I always listen to music while drawing - well actually I always listen to music unless I am doing something else that preempts the auditory channel; watching a video, or engaging in conversation - stuff like that. But when drawing I make specific musical choices. Usually I opt for instrumental works, or works like opera sung in a language I do not understand. Otherwise the words seem to get in the way - they sort of block the images that are trying to make their way onto the paper or the computer screen.

But there is an exception to this rule of thumb.  When I have completed the “cartoon” version of the drawing - the black and white outlines and designs within the outlines; when all that is left to do is choose what colors go where - I can listen to “songs with lyrics that I know very well.” It is not surprising that there are more love songs in that category than probably any other genre.  I suppose if you want to slice the big musical “songs with lyrics I know” pie into really fine pieces you could find some “non-love song” categories e.g. sea shanties, work songs, hymns, lullabies, parodies, children’s songs, etc. But if you sift through my Pandora selections - which is my “go to” app for music - you will find more love songs than anything else. That may be reflective of the fact that if you were to ask for all hopeless romantics to raise their hands, I bet I could beat Hermione Granger to the draw.  (Did I mention I am re-reading the Harry Potter books?)

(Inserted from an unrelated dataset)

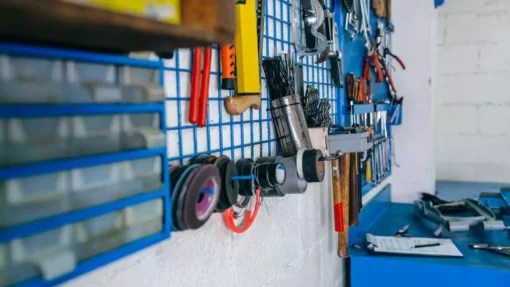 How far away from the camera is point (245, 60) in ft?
2.58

While working on the “tale of two tongues” images that I recently shared with you, completing the areas that sort of turned out looking like Aztec glyphs gave me a lot of hours to listen to love songs.  And I found myself reflecting on a particular facet of the genre: the end of a love song. I realize, as Billy Collins points out in The Great American Poem, that one of the benefits poetry has over prose, novels, etc., is that you don’t have to parse hundreds of pages to get to the important kernel of the work. So how love song's lyrics - given that “lyrics” are simply poems put to music - end is a legitimate area of critical reflection.

So then - on to the ending of love songs.  While there are plenty of “hurtin’” love songs - those “somebody done somebody wrong songs.” There are a surprising number of “things turn out fine love songs.” Those moments when the lovers ride off into the sunset. “The hands that once held a six-gun, are holding their baby tonight,” etc. Find your own favorite examples, there are plenty of “happy love songs” out there. Disney and Broadway are fertile fields for these.  But even in these happy examples what follows after the ride out into the sunset is rarely if ever addressed. There are some - Kisses Sweeter than Wine, comes to mind, but not many others.

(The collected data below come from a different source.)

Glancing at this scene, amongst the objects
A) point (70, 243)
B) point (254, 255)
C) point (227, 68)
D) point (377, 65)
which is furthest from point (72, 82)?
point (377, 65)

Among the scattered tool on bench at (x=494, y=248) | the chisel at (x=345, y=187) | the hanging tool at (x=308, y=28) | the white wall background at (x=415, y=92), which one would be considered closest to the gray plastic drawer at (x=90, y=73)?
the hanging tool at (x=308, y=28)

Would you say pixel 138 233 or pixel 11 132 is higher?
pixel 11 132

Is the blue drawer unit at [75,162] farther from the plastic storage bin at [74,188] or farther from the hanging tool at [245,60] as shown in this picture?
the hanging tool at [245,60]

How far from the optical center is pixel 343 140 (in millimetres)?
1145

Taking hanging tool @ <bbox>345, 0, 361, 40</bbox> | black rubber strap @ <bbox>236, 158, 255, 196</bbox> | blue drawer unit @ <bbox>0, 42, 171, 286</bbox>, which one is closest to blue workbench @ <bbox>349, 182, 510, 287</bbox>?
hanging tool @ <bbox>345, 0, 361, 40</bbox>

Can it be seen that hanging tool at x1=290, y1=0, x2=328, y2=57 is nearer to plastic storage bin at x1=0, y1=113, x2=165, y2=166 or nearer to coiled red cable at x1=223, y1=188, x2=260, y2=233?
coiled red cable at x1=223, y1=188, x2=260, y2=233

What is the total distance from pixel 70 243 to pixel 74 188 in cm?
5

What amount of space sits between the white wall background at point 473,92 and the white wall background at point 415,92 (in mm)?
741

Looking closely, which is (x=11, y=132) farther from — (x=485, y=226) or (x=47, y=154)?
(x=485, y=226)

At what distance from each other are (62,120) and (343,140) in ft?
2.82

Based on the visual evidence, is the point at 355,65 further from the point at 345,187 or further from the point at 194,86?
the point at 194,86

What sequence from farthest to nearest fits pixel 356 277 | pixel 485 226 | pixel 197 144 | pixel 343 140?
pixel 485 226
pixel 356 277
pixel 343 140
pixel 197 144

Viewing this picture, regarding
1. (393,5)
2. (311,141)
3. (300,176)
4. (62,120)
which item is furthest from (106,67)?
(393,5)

Country music in particular thrives on the “bad news love song;” “He stopped loving her today,” “Bury us both deep, and maybe we’ll find peace, And pulling the trigger, she fell cross the dead cowboy’s chest.” “Somewhere near Salinas, lord, I let her slip away.” But even in Country we can find some “happy love songs. “So I walked away from the hangin’ tree, And my own true love, she walked with me.”  And that strange “happy dying love song” Running Bear, “As their hands touched, and their lips met, the raging river pulled them down, Now they’ll always be together in their happy hunting ground.” But here too we never learn how the lovers - particularly the dead ones - deal with any prolonged happiness. Music stops. Story over.

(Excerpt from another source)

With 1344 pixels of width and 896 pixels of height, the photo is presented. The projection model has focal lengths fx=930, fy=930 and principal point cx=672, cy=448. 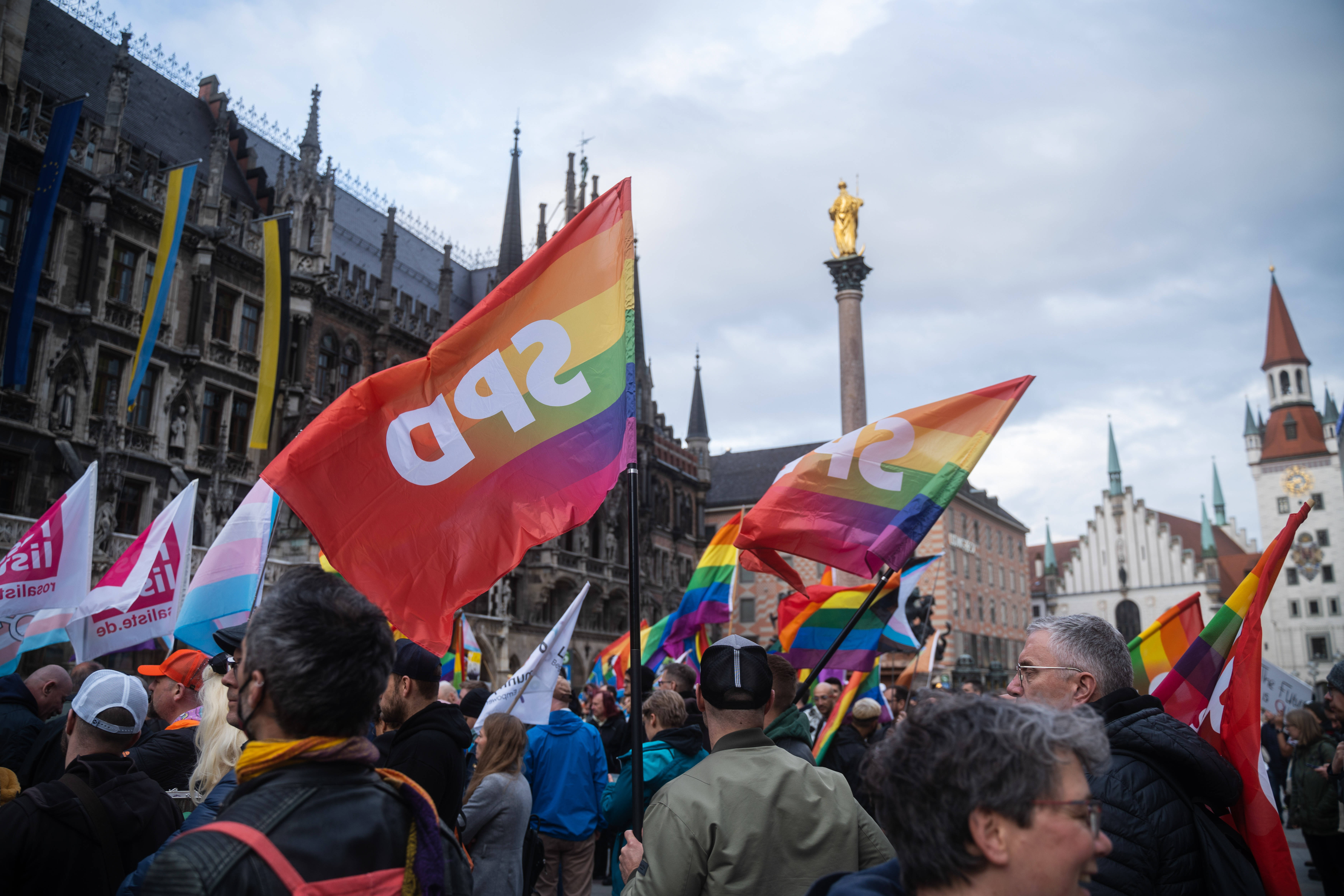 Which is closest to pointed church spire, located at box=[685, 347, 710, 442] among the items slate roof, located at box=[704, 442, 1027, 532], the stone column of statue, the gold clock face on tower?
slate roof, located at box=[704, 442, 1027, 532]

So love songs, neither happy nor sad, rarely manage to tell us what happens after the lovers ride off into the sunset. What happens when the kids get the mumps? What happens when the horse dies? the cattle stampede? the bank won’t extend the loan? one of them gets called off to war? the crops fail? one of them “meets someone”? etc., etc.

But, in truth, “tough love” isn’t the job of love songs. Even the sad ones are supposed to make us feel good - sometimes in a “hurts so good” kind of way. “The phone that rings at midnight ain’t got nothing good to say. She just called to tell you she’s a thousand miles away. Long gone this time.”

So if you want to seriously suffer, to learn all the sordid details of lives and nations falling apart, you might better advised to read a novel, Tolstoy perhaps, or even, shudder, watch the news. Love songs, thankfully, point us in another direction.